Write out each line below precisely, passing over the pictures.

Provided data>
=-=-=-=-=

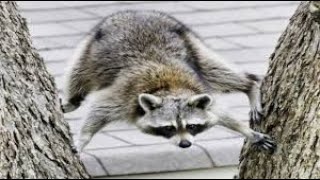 Raccoon Compilation - Cute and Funny #1 by Suenna 450 views 1 year ago 6 minutes, 7 seconds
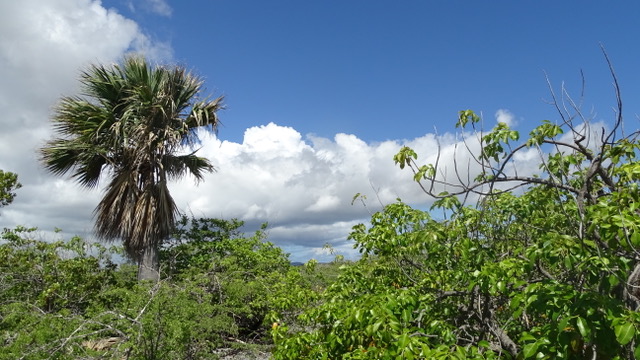 Onderzoek naar vegetatieontwikkeling op de Nederlandse Caribische eilanden 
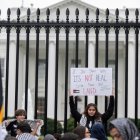 Un grupo de manifestantes con banderas y carteles en favor de Palestina frente a las rejas de las Casa Blanca.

=-=-=-=-=

Exercise solution>
 Raccoon Compilation - Cute and Funny #1 by Suenna 450 views 1 year ago 6 minutes, 7 seconds
 Onderzoek naar vegetatieontwikkeling op de Nederlandse Caribische eilanden 
 Un grupo de manifestantes con banderas y carteles en favor de Palestina frente a las rejas de las Casa Blanca.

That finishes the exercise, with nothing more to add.